=== Begin Enclosure ===
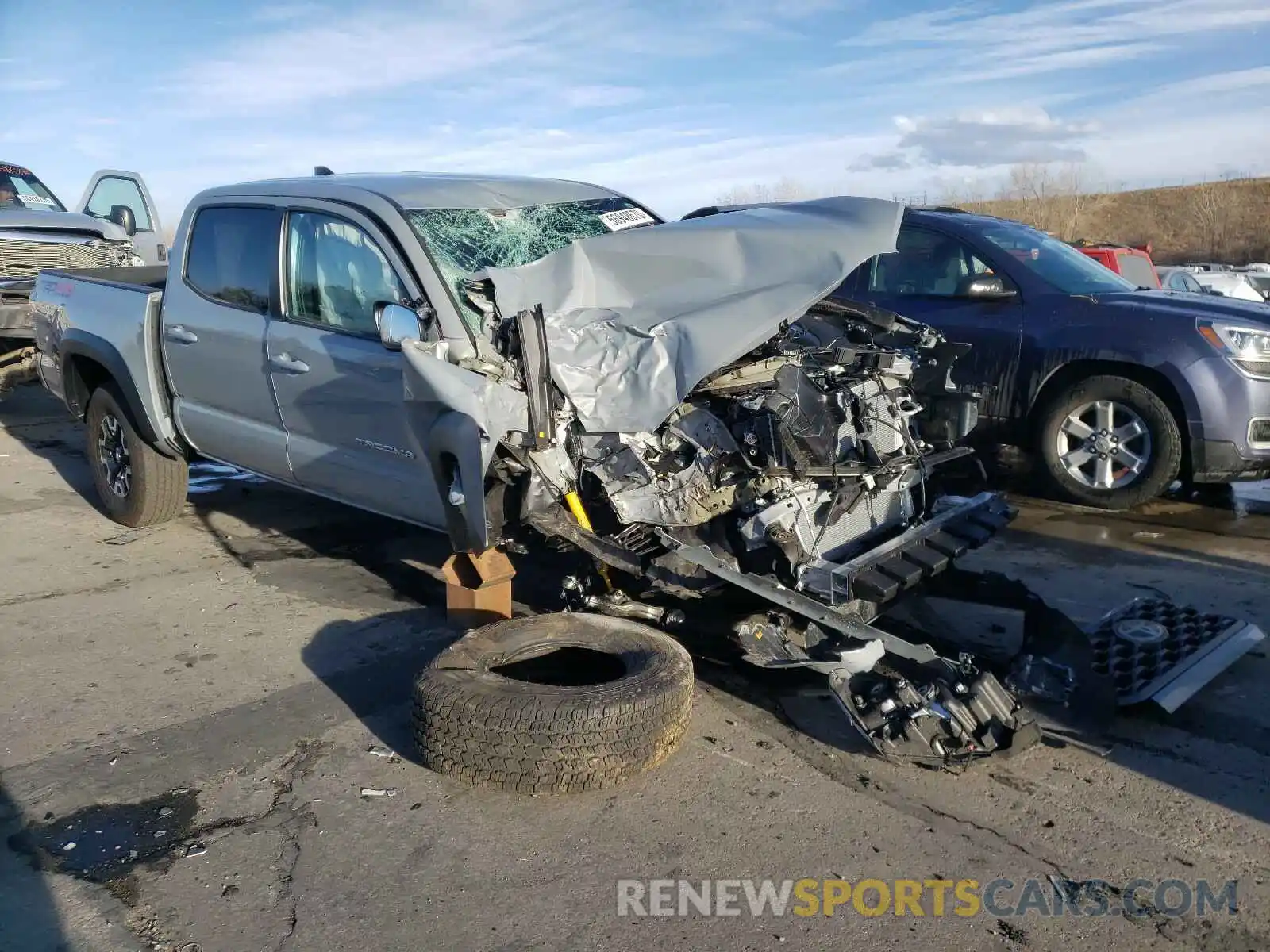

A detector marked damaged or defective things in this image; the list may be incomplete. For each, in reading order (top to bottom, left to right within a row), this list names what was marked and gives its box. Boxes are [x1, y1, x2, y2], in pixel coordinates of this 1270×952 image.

shattered windshield [0, 166, 65, 214]
crushed hood [0, 208, 127, 240]
shattered windshield [403, 198, 655, 335]
crushed hood [479, 195, 909, 434]
detached tire [84, 383, 187, 525]
wrecked silver pickup truck [27, 170, 1260, 792]
detached tire [1036, 375, 1183, 515]
detached tire [411, 614, 695, 792]
cracked pavement [2, 388, 1270, 952]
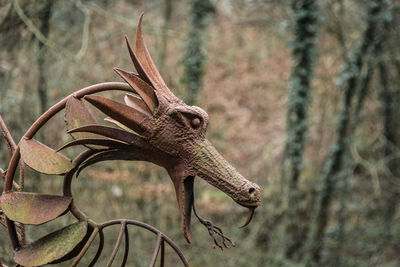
=== End Enclosure ===
**TASK DIRECTIONS:** Set down the entire material verbatim, with each picture left out.

**WRITTEN RESPONSE:**
A detector marked damaged or defective things in this image; the list may be incomplete. For each, in reading order (top to bottom, left to right within a row), this list names what was marked and gives its box. Boxes are [x1, y1, x2, y2], in pixel coordinates of this 1270×952 image.

shattered windshield [0, 166, 65, 214]
crushed hood [0, 208, 127, 240]
shattered windshield [403, 198, 655, 335]
crushed hood [479, 195, 909, 434]
detached tire [84, 383, 187, 525]
wrecked silver pickup truck [27, 170, 1260, 792]
detached tire [1036, 375, 1183, 515]
detached tire [411, 614, 695, 792]
cracked pavement [2, 388, 1270, 952]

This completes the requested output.